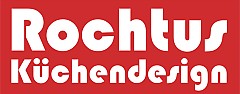 Rochtus Küchendesgin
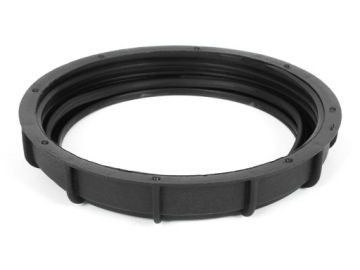 ГАЙКА ТОПЛИВНОГО НАСОСА Renault Megane II III Modus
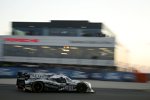 Ryan Dalziel und Chris Cumming 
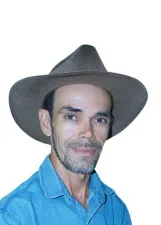 ALMIR ELIZIANO FERREIRA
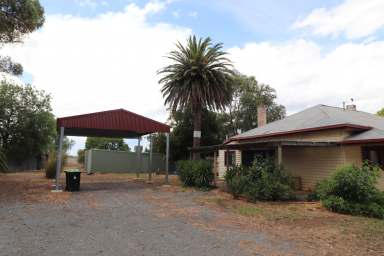 Farm For Sale - VIC - Toolamba - 3614 - Improvers Rural Property  (Image 2)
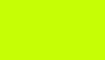 neon-gelb title=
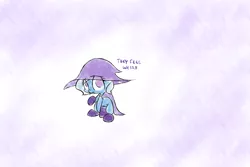 Size: 1280x853 | Tagged: safe, artist:bakasan, banned from derpibooru, deleted from derpibooru, derpibooru import, trixie, pony, unicorn, the little magician, female, mare, sock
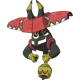 Tapu Bulu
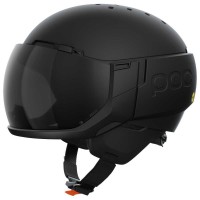 Купить горнолыжный шлем ROS Levator Mips: цена от 29694 грн.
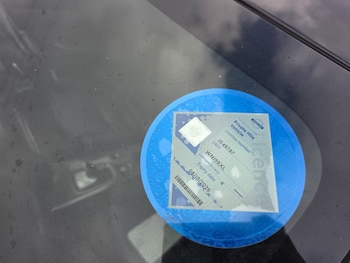 Used Mitsubishi Outlander 2019 for sale - 78264584: Photo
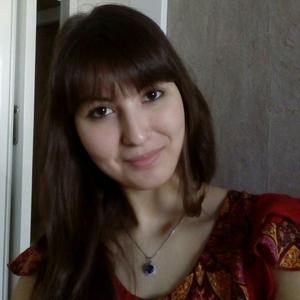 Amina, 24 года, Нижний Новгород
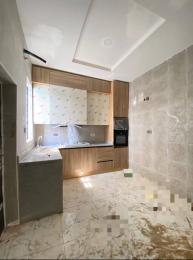 2 bedroom House for sale Mobil Road Ajah Lagos
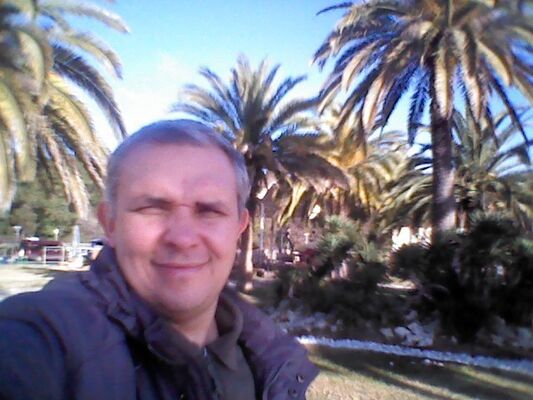  ,   , 52 ,   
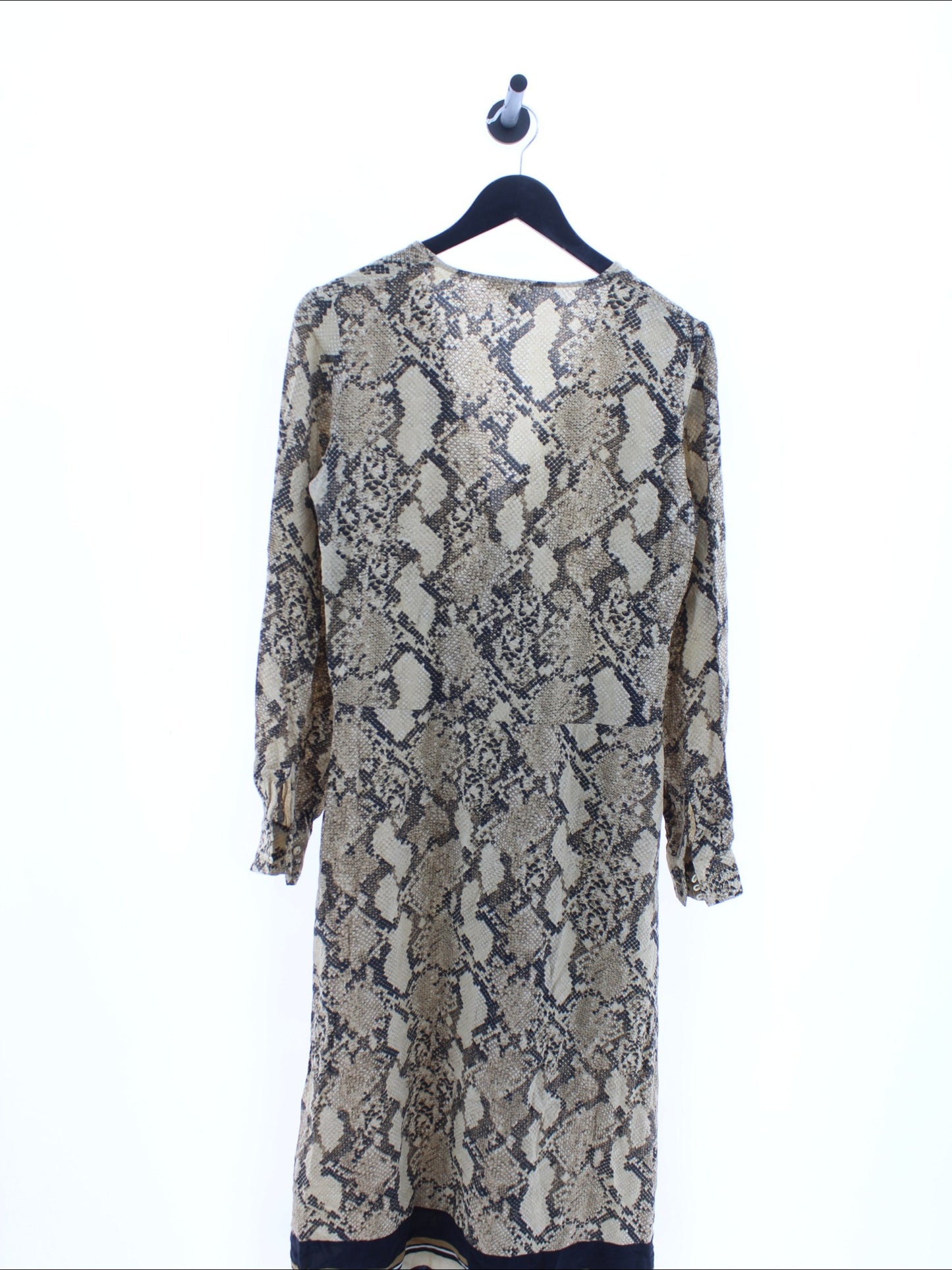 Sukienka H&M Rozmiar: 34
....................
**ASSIGNMENT:**
No picture belongs in the copy. Print every entry above exactly as it stands.

**ANSWER TO THIS TASK:**
 Rochtus Küchendesgin
 ГАЙКА ТОПЛИВНОГО НАСОСА Renault Megane II III Modus
 Ryan Dalziel und Chris Cumming 
 ALMIR ELIZIANO FERREIRA
 Farm For Sale - VIC - Toolamba - 3614 - Improvers Rural Property  (Image 2)
 neon-gelb title=
 Size: 1280x853 | Tagged: safe, artist:bakasan, banned from derpibooru, deleted from derpibooru, derpibooru import, trixie, pony, unicorn, the little magician, female, mare, sock
 Tapu Bulu
 Купить горнолыжный шлем ROS Levator Mips: цена от 29694 грн.
 Used Mitsubishi Outlander 2019 for sale - 78264584: Photo
 Amina, 24 года, Нижний Новгород
 2 bedroom House for sale Mobil Road Ajah Lagos
  ,   , 52 ,   
 Sukienka H&M Rozmiar: 34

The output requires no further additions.